They wish to minimize the impact of rogue regimes, and therefore are apprehensive about the nature of the proposed Palestinian state, in view of the rogue Palestinian inter-Arab track record, which has transformed Palestinians into an intra-Arab role model of subversion, terrorism, treachery and ingratitude.

*They are anxious about the erosion of the US posture of deterrence, which is their most critical component of national security, and alarmed about the 43-year-old US diplomatic option toward Iran’s Ayatollahs, which has bolstered the Ayatollahs’ terroristic, drug trafficking and ballistic capabilities. They are also concerned about the US’ embrace of the Muslim Brotherhood, which is the largest Sunni terrorist entity with religious, educational, welfare and political branches. And, they are aware of the ineffectiveness of NATO (No Action Talk Only?), the European vacillation, and the vulnerability of all other Arab countries.

Israel’s role

*Saudi Arabia and the Arab partners to peace accords with Israel feel the machetes of the Ayatollahs and the Moslem Brotherhood at their throats. They consider Israel as the most reliable “life insurance agent” in the region.  They view Israel as the most effective US force-multiplier in the Middle East, and appreciate Israel’s proven posture of deterrence; flexing its military muscles against Iran’s Ayatollahs in Lebanon, Syria, Iraq and Iran itself and against Palestinian and Hezbollah terrorism.
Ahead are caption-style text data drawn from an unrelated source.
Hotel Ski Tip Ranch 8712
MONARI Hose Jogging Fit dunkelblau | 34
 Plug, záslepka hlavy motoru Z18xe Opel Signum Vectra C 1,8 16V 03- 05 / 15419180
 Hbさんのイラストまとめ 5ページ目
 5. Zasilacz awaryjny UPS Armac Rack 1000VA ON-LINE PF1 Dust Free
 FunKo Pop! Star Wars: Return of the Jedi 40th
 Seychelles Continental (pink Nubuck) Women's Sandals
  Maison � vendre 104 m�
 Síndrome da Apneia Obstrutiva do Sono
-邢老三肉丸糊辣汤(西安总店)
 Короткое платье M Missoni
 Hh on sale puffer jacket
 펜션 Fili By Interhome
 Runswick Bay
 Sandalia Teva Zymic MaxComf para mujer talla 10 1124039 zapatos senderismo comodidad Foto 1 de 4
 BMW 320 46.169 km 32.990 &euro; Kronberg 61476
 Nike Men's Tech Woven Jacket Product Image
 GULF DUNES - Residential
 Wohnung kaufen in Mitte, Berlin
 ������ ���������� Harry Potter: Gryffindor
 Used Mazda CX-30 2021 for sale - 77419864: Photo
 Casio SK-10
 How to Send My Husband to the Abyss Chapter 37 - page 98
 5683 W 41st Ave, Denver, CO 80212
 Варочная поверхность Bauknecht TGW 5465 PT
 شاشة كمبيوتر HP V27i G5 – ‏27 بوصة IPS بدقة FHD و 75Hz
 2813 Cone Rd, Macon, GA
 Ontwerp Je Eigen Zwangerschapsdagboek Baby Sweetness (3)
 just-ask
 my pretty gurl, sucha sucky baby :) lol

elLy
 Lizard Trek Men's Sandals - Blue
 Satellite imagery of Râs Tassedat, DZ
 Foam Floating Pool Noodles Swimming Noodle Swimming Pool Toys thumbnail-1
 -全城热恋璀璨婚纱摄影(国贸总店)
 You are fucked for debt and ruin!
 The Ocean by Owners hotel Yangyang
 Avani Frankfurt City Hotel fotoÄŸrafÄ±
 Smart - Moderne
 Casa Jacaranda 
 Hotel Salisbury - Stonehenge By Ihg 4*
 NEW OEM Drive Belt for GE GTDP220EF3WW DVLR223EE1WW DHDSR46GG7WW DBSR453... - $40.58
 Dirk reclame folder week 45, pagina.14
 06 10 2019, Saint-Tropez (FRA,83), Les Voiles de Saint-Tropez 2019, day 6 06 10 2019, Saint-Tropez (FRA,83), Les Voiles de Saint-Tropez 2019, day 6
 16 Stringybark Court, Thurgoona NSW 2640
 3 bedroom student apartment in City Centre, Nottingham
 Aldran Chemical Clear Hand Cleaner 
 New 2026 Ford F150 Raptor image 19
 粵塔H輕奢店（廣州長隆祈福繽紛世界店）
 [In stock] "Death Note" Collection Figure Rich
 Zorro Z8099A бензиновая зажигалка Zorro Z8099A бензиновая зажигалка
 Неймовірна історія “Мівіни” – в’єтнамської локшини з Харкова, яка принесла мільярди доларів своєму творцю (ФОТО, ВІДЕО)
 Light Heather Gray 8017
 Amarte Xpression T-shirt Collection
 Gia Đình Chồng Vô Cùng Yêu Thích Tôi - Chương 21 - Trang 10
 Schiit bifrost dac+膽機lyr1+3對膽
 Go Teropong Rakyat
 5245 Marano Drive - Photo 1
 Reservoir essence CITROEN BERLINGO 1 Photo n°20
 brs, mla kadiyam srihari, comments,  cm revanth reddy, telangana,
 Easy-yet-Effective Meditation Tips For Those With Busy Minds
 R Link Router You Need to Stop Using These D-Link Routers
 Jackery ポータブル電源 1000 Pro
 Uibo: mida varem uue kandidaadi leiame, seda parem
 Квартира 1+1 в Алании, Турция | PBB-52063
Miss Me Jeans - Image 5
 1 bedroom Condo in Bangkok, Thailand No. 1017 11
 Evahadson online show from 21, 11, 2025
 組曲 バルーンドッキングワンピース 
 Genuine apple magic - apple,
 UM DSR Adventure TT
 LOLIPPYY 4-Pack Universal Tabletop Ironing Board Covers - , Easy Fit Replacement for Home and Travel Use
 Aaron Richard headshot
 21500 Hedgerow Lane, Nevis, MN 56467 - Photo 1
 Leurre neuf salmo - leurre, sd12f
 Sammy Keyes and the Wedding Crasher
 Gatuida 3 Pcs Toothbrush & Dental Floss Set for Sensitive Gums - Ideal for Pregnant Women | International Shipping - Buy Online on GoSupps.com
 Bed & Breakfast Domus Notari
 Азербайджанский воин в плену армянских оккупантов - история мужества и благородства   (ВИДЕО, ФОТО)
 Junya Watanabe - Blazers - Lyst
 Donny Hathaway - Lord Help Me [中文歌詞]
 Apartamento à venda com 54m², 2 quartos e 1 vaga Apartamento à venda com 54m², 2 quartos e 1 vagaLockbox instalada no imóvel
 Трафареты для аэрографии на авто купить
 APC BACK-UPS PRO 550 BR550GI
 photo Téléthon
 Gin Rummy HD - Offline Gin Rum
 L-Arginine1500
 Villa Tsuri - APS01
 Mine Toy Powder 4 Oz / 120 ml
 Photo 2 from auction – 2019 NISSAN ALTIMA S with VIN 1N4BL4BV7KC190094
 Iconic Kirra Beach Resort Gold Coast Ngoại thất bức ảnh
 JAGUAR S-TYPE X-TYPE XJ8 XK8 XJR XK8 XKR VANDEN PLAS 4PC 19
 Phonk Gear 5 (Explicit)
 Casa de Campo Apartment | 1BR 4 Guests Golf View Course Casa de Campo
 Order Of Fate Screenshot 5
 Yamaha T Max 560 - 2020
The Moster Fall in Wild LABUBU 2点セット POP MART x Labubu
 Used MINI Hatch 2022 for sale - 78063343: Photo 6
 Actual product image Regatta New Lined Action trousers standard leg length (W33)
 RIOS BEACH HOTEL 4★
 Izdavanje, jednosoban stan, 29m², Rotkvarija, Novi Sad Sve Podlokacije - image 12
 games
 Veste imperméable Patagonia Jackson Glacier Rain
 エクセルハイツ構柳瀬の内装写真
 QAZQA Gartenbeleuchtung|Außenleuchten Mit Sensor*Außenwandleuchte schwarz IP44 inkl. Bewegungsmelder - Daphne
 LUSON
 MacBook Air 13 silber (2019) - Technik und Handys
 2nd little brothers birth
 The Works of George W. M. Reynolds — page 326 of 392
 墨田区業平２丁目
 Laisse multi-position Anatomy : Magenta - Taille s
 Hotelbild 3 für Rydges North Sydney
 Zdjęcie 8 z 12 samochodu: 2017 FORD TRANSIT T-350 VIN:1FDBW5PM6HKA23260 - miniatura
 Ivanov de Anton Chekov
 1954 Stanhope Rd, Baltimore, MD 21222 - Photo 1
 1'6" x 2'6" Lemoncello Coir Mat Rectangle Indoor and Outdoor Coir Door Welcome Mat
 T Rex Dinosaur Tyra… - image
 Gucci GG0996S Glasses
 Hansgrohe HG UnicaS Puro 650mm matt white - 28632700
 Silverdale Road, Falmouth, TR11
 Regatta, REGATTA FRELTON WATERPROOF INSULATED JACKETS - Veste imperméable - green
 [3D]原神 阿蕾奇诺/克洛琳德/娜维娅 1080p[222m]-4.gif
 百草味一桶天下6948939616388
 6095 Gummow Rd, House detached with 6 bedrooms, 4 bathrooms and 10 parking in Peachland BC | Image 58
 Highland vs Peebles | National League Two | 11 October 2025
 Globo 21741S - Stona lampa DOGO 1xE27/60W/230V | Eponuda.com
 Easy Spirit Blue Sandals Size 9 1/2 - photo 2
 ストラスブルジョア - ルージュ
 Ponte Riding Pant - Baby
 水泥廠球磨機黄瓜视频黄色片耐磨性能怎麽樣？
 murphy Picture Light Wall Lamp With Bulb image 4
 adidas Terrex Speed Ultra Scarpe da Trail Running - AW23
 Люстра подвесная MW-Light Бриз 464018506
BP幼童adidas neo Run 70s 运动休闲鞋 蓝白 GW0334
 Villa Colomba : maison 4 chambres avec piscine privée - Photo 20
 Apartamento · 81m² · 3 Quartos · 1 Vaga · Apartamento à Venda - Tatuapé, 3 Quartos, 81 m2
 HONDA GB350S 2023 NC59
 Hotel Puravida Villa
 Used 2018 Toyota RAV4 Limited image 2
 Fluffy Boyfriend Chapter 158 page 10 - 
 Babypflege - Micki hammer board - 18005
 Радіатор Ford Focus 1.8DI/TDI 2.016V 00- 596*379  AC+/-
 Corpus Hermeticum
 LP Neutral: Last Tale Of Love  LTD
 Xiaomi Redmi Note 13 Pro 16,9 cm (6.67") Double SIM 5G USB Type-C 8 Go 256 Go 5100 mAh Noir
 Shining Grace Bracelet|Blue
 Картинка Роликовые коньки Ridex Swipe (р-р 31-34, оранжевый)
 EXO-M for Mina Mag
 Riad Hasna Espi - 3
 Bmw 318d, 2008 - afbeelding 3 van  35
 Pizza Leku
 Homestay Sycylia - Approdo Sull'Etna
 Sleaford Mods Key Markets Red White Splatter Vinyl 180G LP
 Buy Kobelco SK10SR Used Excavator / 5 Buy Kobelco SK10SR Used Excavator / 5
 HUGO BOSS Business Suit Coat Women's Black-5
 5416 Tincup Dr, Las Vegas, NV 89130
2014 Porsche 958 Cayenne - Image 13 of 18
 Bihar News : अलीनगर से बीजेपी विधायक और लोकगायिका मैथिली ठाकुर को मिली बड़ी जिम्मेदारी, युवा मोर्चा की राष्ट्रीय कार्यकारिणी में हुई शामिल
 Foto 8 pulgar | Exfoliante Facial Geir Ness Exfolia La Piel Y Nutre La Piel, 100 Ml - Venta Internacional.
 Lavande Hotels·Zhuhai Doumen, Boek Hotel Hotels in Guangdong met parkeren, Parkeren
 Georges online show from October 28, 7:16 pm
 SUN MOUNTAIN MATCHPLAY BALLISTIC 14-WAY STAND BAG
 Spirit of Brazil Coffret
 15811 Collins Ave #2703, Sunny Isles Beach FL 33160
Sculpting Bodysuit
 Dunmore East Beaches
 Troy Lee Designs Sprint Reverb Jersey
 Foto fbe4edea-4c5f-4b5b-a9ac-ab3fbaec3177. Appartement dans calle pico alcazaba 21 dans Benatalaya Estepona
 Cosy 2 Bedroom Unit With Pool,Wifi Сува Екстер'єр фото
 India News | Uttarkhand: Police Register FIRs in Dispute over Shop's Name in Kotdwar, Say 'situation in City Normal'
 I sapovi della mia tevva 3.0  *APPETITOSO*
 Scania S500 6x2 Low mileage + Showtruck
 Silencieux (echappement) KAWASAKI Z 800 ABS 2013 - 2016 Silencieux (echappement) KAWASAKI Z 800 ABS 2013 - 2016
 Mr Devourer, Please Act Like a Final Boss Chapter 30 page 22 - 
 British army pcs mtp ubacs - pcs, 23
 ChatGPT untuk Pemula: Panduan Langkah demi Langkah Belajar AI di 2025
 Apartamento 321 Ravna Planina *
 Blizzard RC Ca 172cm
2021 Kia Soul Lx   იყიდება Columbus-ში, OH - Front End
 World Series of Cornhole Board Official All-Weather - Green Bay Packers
They respect Israel’s unique counter-terrorism intelligence and training capabilities, and its game-changing military and counter-terrorism battle tactics and technologies.

*The Arab view of Israel as a reliable partner on “a rainy day” has been bolstered by Israel’s willingness to defy US pressure, when it comes to Israel’s most critical national security and historic credos (e.g., Iran, Jerusalem and Judea and Samaria).  In addition, Saudi Arabia and Israel’s peace-partners aim to leverage Israel’s good-standing among most Americans – and therefore among most Senators and House Representatives – as a venue to enhance their military, commercial and diplomatic ties with the US.

*Saudi Arabia, the United Arab Emirates and Bahrain are preoccupied with the challenge of economic diversification, realizing that they are overly-reliant on oil and natural gas, which are exposed to price-volatility, depletion and could be replaced by emerging cleaner and more cost-effective energy.

Thus, they consider Israel’s ground-breaking technologies as a most effective vehicle to diversify their economy, create more jobs in non-energy sectors, and establish a base for alternative sources of national income, while bolstering homeland and national security.

*The Abraham Accords – as well as Israel’s peace accords with Egypt and Jordan – and the unprecedented expansion of defense and commercial cooperation between Saudi Arabia and Israel, demonstrate that critical Arab national security interests may supersede fundamental tenets of Islam, such as the 1,400-year-old rejection of any “infidel” sovereignty in “the abode of Islam.”  Moreover, critical national security interests may lead to a dramatic moderation of the (Arab) education system, which is the most authentic reflection of one’s vision and policies.

Thus, contrary to the Palestinian Authority, the United Arab Emirates has uprooted hate-education curriculum, replacing it with pro-Israel/Jewish curriculum.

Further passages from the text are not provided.